GECOM is offering six internships to GHS seniors this year in the areas of Tool and Die, Quality Test Lab, Metal Stamping Maintenance, Assembly Maintenance, Continuous Improvement, and Facilities Maintenance. Factory closures at other sites have allowed GECOM to donate over $100,000 in equipment to GHS, further allowing students to hone their skills. GECOM and GHS are also examining scholarship opportunities to qualified students in engineering that will commit to coming back and working in the community at GECOM. This is to help with the “brain drain” this area has been experiencing with young people moving to other areas after college instead of coming back to GREENSBURG, which results in a shortage of qualified workers.
Six GHS seniors have been working at GECOM for two weeks, one of which was all safety training. The students, Coy Chaney, Zackary Couch, Ethan Sebastian, Alex Simmermeyer, Jake Hellmich and Eric Kroger, were matched with GECOM because of classes they’d taken in related areas and an interest in manufacturing. GECOM is also providing personnel to serve on the Planning Council for Vocational Education at GHS. When asked whether they were interested in the manufacturing field before the internship at GECOM, all six seniors said yes, proving they were well-matched for the program.

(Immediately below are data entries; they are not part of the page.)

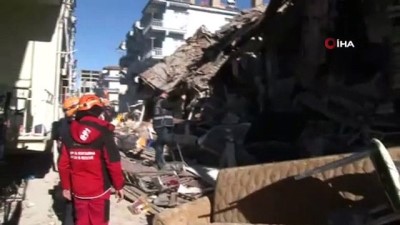  Enkaz başında annesini böyle bekledi 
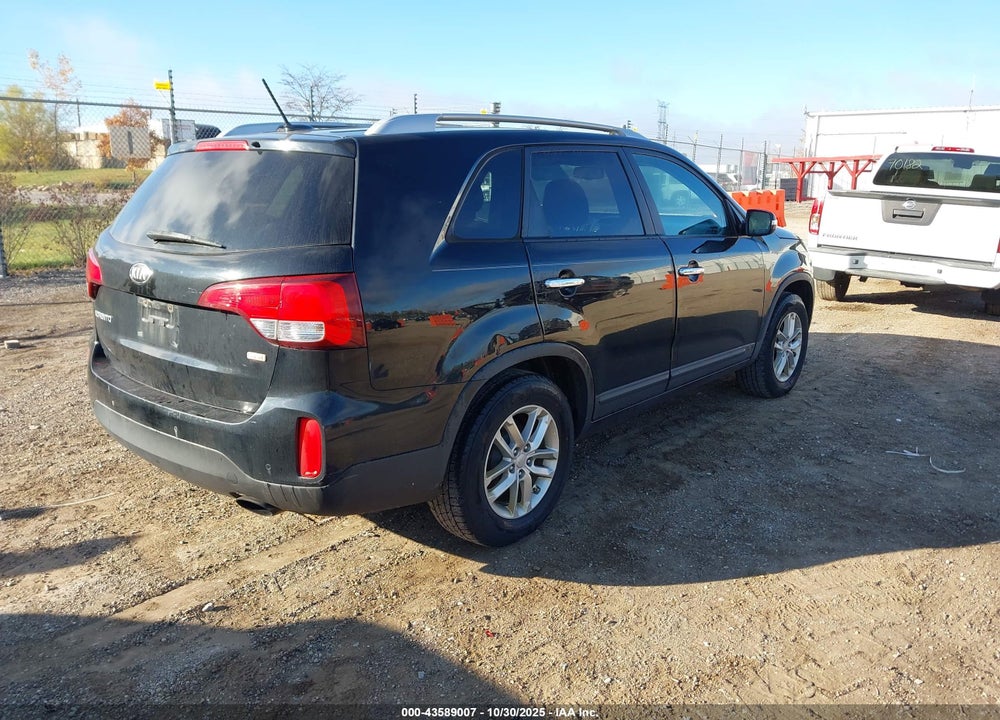 2014 KIA SORENTO LX VIN: 5XYKT3A68EG440781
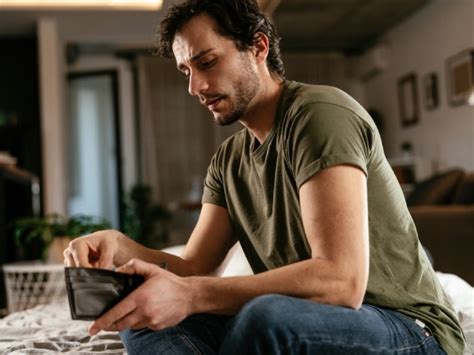 5 Issues to Deal With While Dating a Broke Man | Love Today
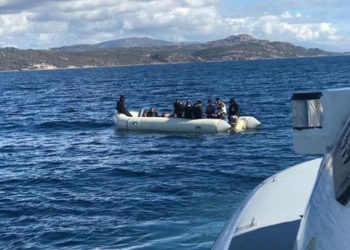 القوات اللبنانية تضبط 60 مهاجراً سورياً حاولوا الوصول إلى قبرص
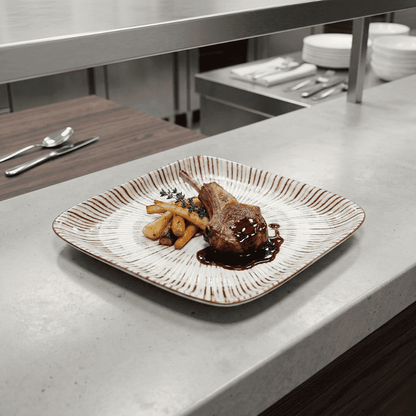 Plato Cuadrado Legna 27,5 Cm By Bone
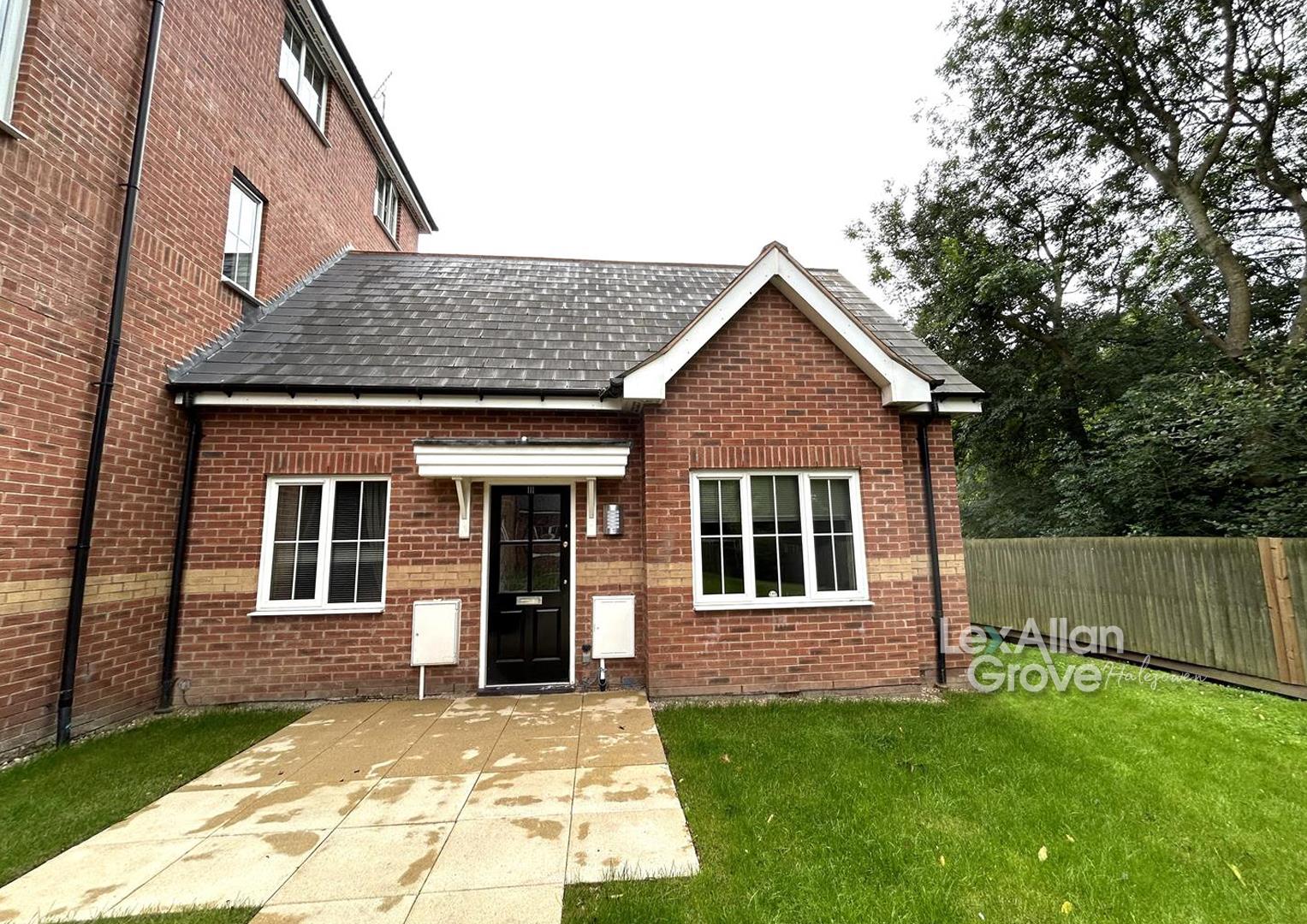 2 bed apartment for sale in Haden Hill Road, Halesowen  - Property Image 1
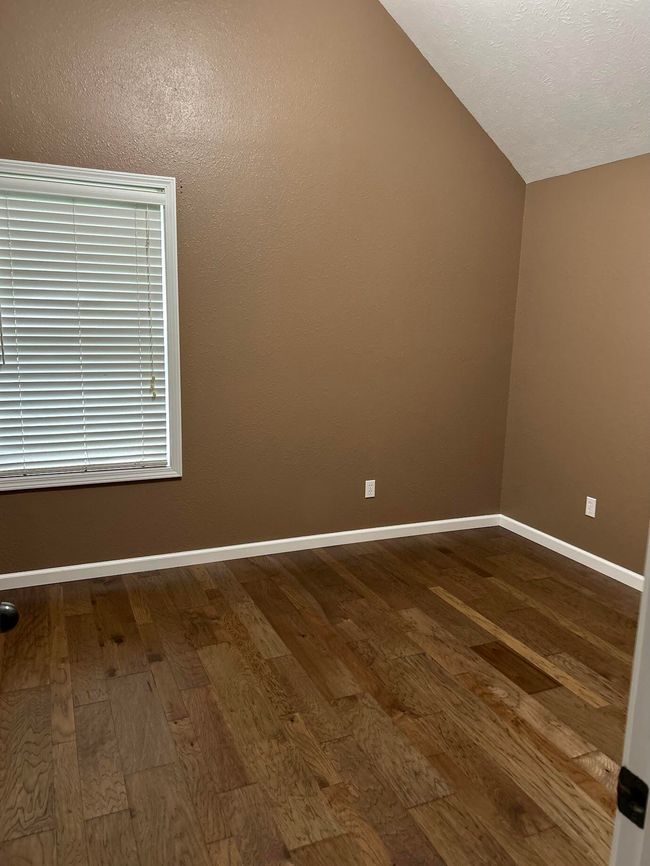 Secondary Bedroom 3a | Image 27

“I couldn’t be more pleased. This is something that Greensburg High School, Principal Chapple and myself have wanted for a long time. We couldn’t be happier,” Hunter said.
Coy Chaney, who is working in the facility maintenance area said, “I’m enjoying it so far. I’m getting lots of hours and the pay is great.”
When asked how he liked the internship, Zackary Couch, of the tool and test lab, said, “It’s great. I’m learning a lot.”
Ethan Sebastian is working in the area of continuous improvement. “It’s great. I like that we’re improving efficiency on the lines,” he said.
When asked about the program, Alex Simmermeyer, who is working in the tool and die section, said, “I like it a lot and I learn new stuff all the time.”
Jake Hellmich is in the maintenance department and said he wants to go into engineering after high school. “I like it a lot. I’m learning a bunch of new and important things that will help me in the future.”
Eric Kroger, of the maintenance department, said, “My favorite part is turning wrenches.”
Each student was matched with a mentor for their internship. The mentors are Tom Hinton, Jerry Auger, Dick Schmidt, Jerry Creech, James Ogden and Chris Ison. Also involved in the program are GECOM Human Resources Manager Amy Bray, Vice President of Administration and Engineering Jeff Wright, Vice President of Operations Allen Downs and GECOM president Tsuguo Hoshikawa.
On the GHS side, Tammy Williams, Director of Curriculum Instruction, Superintendent Tom Hunter, GHS Principal Phil Chapple, Guidance Director Sue Affenberg and ICE Coordinator Susan Burbrink were integral in the formation of the internship program.
“Being here for 26 years, we truly appreciate the community and support from local people. GECOM is happy to give back and help the next generation. In this way, we can grow together,” said Hoshikawa.
The internship collaboration between GECOM and GHS seems to be off to a great start, with students enjoying the work and gaining real work experience. With luck, the program, and the relationship between GECOM and GHS will continue for a long time to come.